Spark error: Exception in thread “main” java.lang.

2019-08-16 15:48发布

问题:

I am writing a Scala/spark program which would find the max salary of the employee. The employee data is available in a CSV file, and the salary column has a comma separator for thousands and also it has a $ prefixed to it e.g. $74,628.00.

To handle this comma and dollar sign, I have written a parser function in scala which would split each line on "," and then map each column to individual variables to be assigned to a case class.

My parser program looks like below. In this to eliminate the comma and dollar signs I am using the replace function to replace it with empty, and then finally typecase to Int.

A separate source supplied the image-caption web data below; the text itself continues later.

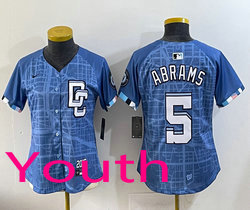 Youth Nike Washington Nationals #5 CJ Abrams Blue Joint Stitched MLB Jersey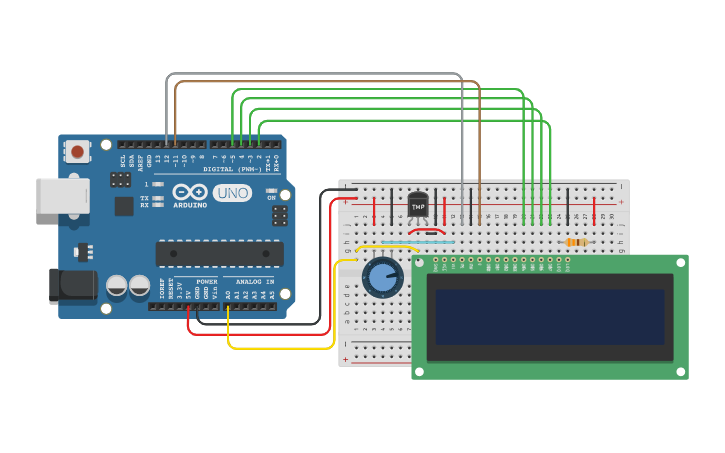 Circuit design STEM8 LCD - Mr. Janze | Tinkercad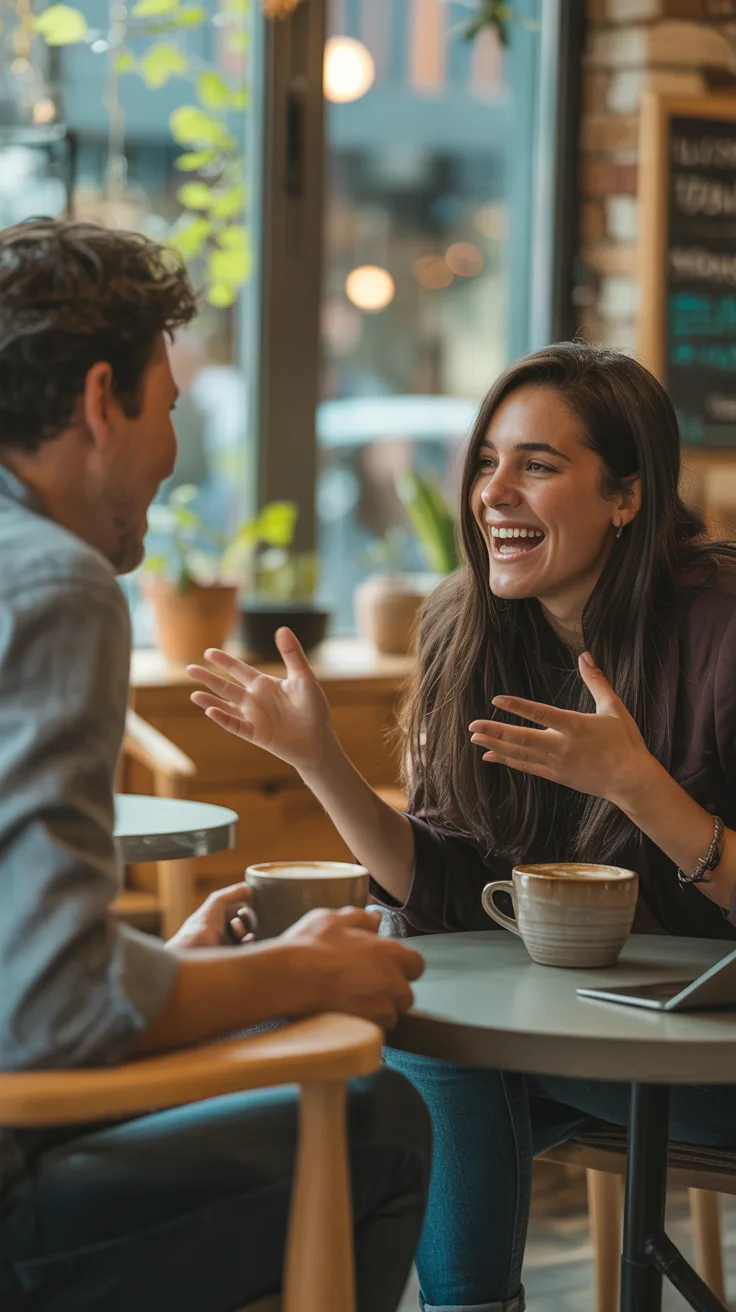 Coffee meetup — two friends chatting at a cozy café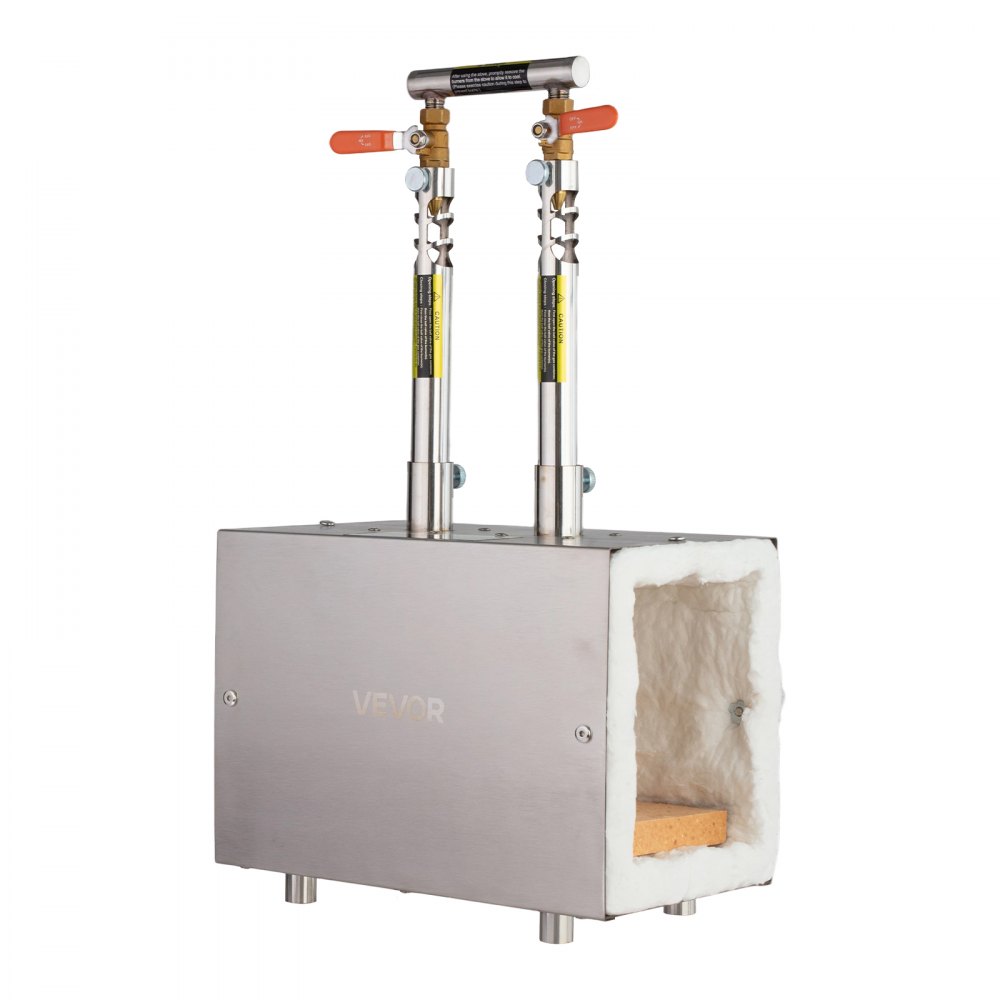 VEVOR Portable Propane Forge, 2 Burners, 1427℃ Tool and Knife Making Blacksmithing Farrier Forge, Large Capacity Square Shape, Stainless Steel Gas Forging Tools and Equipment, Use for Metal Forging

def ParseEmployee(line: String): Classes.Employee = {
    val fields = line.split(",")
    val Name = fields(0)
    val JOBTITLE = fields(2)
    val DEPARTMENT = fields(3)
    val temp = fields(4)

    temp.replace(",","")//To eliminate the ,
    temp.replace("$","")//To remove the $
    val EMPLOYEEANNUALSALARY = temp.toInt //Type cast the string to Int

    Classes.Employee(Name, JOBTITLE, DEPARTMENT, EMPLOYEEANNUALSALARY)
  }

My Case class look like below

case class Employee (Name: String,
                      JOBTITLE: String,
                     DEPARTMENT: String,
                     EMPLOYEEANNUALSALARY: Number,
)

My spark dataframe sql query looks like below

val empMaxSalaryValue = sc.sqlContext.sql("Select Max(EMPLOYEEANNUALSALARY) From EMP")
empMaxSalaryValue.show

when I Run this program I am getting this below exception

Exception in thread "main" java.lang.UnsupportedOperationException: No Encoder found for Number
- field (class: "java.lang.Number", name: "EMPLOYEEANNUALSALARY")
- root class: "Classes.Employee"
    at org.apache.spark.sql.catalyst.ScalaReflection$.org$apache$spark$sql$catalyst$ScalaReflection$$serializerFor(ScalaReflection.scala:625)
    at org.apache.spark.sql.catalyst.ScalaReflection$$anonfun$10.apply(ScalaReflection.scala:619)
    at org.apache.spark.sql.catalyst.ScalaReflection$$anonfun$10.apply(ScalaReflection.scala:607)
    at scala.collection.TraversableLike$$anonfun$flatMap$1.apply(TraversableLike.scala:241)
    at scala.collection.TraversableLike$$anonfun$flatMap$1.apply(TraversableLike.scala:241)
    at scala.collection.immutable.List.foreach(List.scala:381)
    at scala.collection.TraversableLike$class.flatMap(TraversableLike.scala:241)
    at scala.collection.immutable.List.flatMap(List.scala:344)
    at org.apache.spark.sql.catalyst.ScalaReflection$.org$apache$spark$sql$catalyst$ScalaReflection$$serializerFor(ScalaReflection.scala:607)
    at org.apache.spark.sql.catalyst.ScalaReflection$.serializerFor(ScalaReflection.scala:438)
    at org.apache.spark.sql.catalyst.encoders.ExpressionEncoder$.apply(ExpressionEncoder.scala:71)
    at org.apache.spark.sql.Encoders$.product(Encoders.scala:275)
    at org.apache.spark.sql.SparkSession.createDataFrame(SparkSession.scala:282)
    at org.apache.spark.sql.SQLContext.createDataFrame(SQLContext.scala:272)
    at CalculateMaximumSalary$.main(CalculateMaximumSalary.scala:27)
    at CalculateMaximumSalary.main(CalculateMaximumSalary.scala)
  1. Any idea why I am getting this error? what is the mistake I am doing here and why it is not able to typecast to number?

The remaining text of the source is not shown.